* Problem statement:
Leave out the pictures, and quote exactly the lines running from the one with "1211 Rhodes LN, Naperville, IL 60540" through the last line of the entries below.

* Records shown:
● ● ● ● ● ● ●

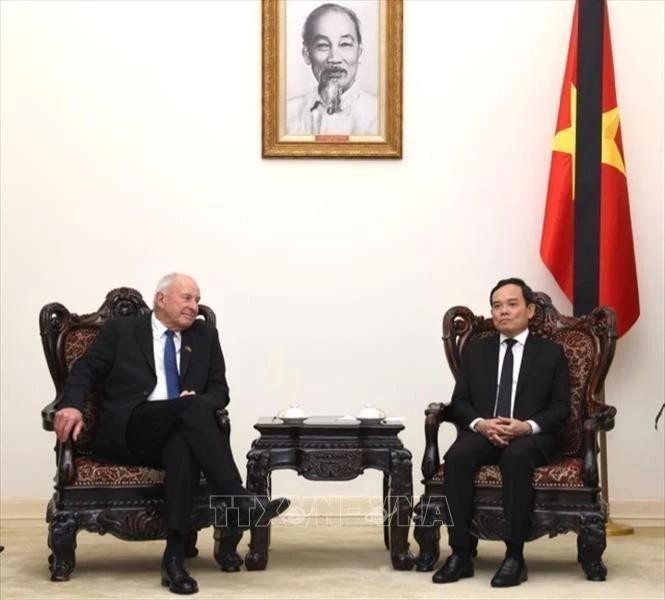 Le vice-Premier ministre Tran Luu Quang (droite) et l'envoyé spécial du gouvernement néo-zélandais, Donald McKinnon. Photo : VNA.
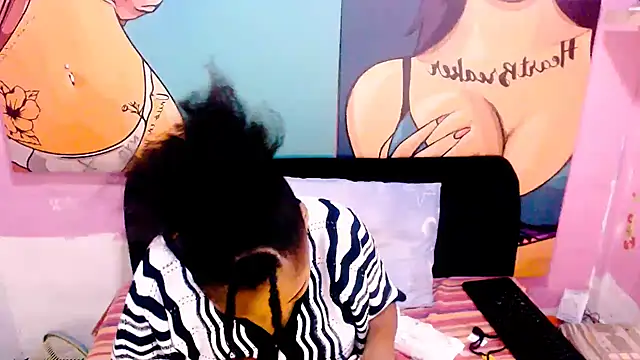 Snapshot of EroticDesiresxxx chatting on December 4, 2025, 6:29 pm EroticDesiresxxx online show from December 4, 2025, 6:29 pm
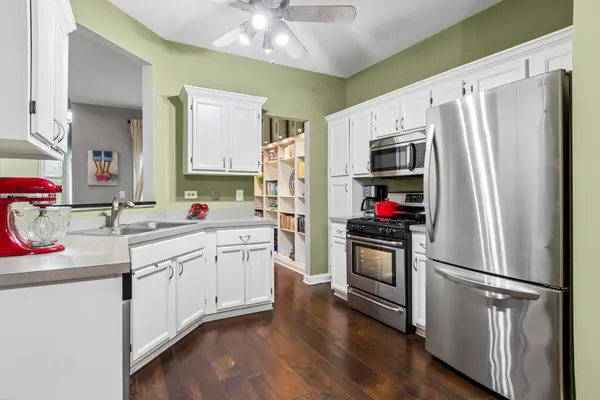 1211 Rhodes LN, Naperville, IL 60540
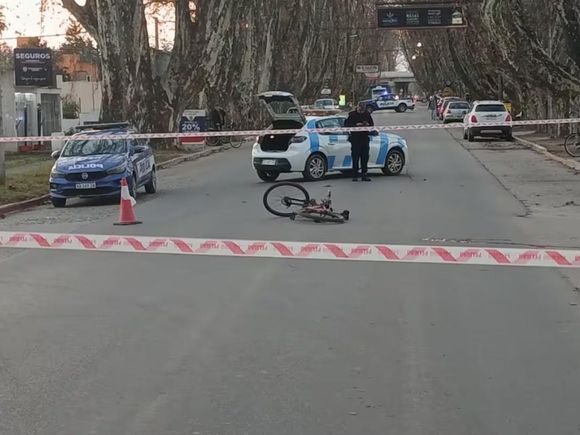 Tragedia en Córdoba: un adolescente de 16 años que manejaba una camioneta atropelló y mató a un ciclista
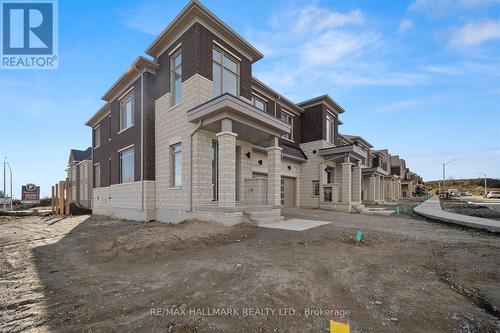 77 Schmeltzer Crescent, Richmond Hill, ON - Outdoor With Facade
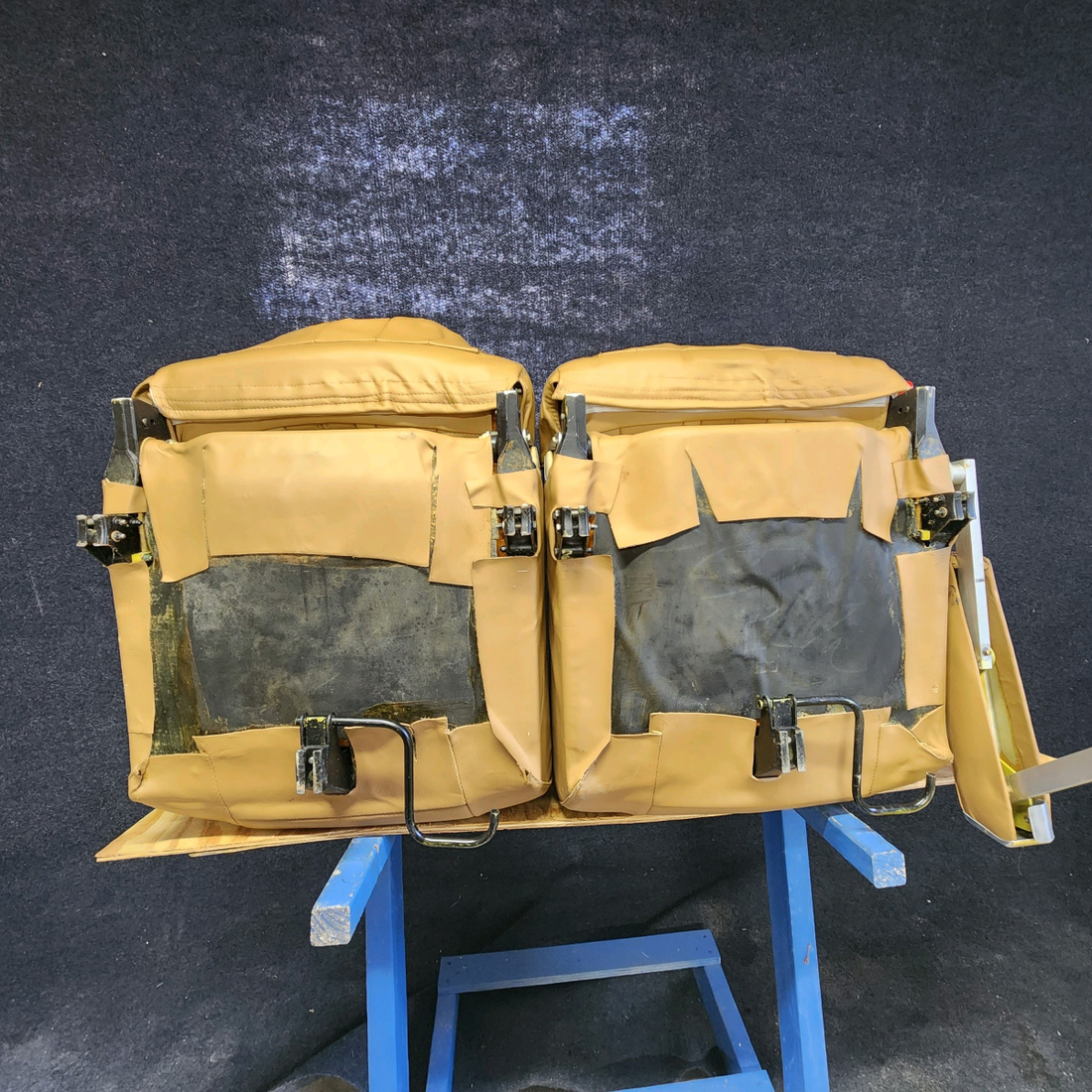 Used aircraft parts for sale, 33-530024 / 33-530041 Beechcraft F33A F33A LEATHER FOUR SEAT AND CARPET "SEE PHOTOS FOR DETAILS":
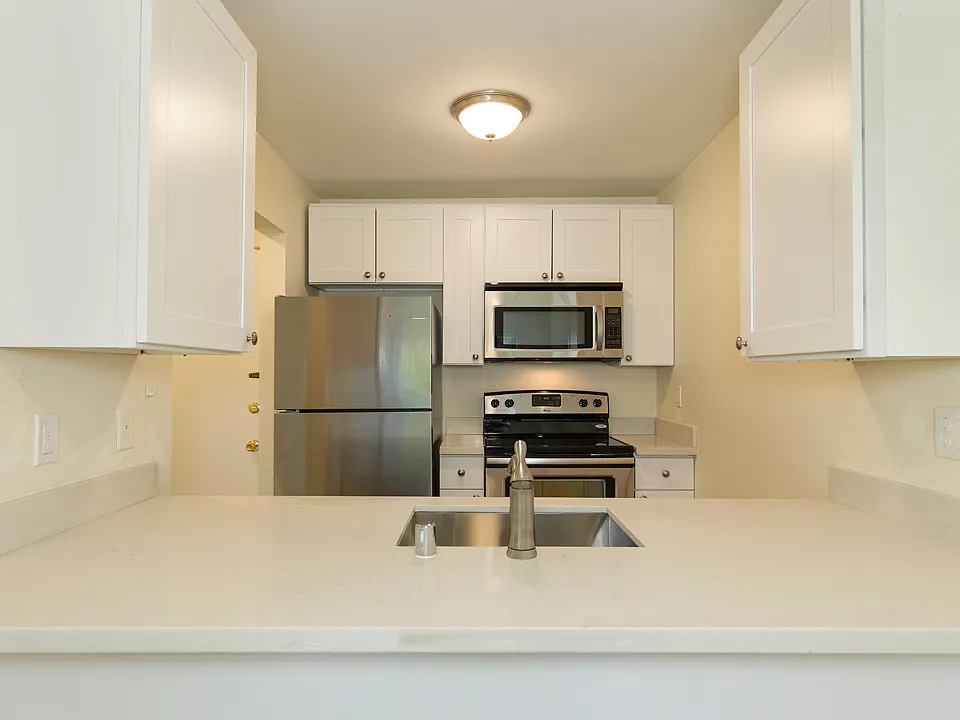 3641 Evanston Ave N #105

● ● ● ● ● ● ●

* Task output:
 1211 Rhodes LN, Naperville, IL 60540
 Tragedia en Córdoba: un adolescente de 16 años que manejaba una camioneta atropelló y mató a un ciclista
 77 Schmeltzer Crescent, Richmond Hill, ON - Outdoor With Facade
 Used aircraft parts for sale, 33-530024 / 33-530041 Beechcraft F33A F33A LEATHER FOUR SEAT AND CARPET "SEE PHOTOS FOR DETAILS":
 3641 Evanston Ave N #105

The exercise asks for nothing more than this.